DATA SECTION —
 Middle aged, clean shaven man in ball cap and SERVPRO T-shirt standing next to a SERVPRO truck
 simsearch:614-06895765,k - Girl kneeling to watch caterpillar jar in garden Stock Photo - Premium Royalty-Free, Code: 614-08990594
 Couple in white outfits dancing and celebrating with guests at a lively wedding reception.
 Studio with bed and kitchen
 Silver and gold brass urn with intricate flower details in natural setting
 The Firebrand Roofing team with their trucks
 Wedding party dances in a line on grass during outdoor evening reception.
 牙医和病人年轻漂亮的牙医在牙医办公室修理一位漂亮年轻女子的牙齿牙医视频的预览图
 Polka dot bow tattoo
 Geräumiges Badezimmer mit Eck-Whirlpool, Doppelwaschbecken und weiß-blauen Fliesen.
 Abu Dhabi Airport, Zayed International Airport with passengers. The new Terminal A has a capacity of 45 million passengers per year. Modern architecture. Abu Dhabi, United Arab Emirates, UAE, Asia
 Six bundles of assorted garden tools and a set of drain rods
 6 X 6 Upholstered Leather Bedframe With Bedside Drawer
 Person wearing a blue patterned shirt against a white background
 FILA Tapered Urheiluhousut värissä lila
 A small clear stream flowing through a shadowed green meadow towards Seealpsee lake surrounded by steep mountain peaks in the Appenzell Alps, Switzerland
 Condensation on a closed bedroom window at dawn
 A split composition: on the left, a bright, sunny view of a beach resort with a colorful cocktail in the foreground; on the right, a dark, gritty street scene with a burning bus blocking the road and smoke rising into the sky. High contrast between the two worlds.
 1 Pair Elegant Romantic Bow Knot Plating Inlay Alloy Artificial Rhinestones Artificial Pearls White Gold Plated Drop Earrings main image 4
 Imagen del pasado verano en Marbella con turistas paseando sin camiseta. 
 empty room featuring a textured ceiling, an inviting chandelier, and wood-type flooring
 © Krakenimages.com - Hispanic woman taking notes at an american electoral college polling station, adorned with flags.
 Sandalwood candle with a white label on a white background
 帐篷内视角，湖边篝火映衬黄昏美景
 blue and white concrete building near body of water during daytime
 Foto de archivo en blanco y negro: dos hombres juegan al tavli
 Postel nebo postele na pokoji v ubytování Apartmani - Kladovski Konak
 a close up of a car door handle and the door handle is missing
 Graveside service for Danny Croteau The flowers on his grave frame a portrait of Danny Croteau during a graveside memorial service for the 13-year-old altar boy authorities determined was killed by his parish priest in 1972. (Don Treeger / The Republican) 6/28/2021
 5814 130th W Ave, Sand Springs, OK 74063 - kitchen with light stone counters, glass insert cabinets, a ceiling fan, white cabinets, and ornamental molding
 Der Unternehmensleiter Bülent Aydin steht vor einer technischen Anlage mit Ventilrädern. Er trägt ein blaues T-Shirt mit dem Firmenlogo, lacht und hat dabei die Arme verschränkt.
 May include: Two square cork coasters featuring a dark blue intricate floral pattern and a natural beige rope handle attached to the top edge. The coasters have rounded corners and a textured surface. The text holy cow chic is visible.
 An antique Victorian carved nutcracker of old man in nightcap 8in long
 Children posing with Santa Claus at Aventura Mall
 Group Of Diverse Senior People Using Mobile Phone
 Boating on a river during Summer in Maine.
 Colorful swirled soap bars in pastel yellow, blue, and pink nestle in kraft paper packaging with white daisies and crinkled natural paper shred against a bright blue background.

TASK OBJECTIVE —
Take the lines above from the one containing "6 X 6 Upholstered" down to the one containing "FILA Tapered Urheiluhousut värissä lila", and transcribe them exactly, both ends included.

SOLUTION BELOW —
 6 X 6 Upholstered Leather Bedframe With Bedside Drawer
 Person wearing a blue patterned shirt against a white background
 FILA Tapered Urheiluhousut värissä lila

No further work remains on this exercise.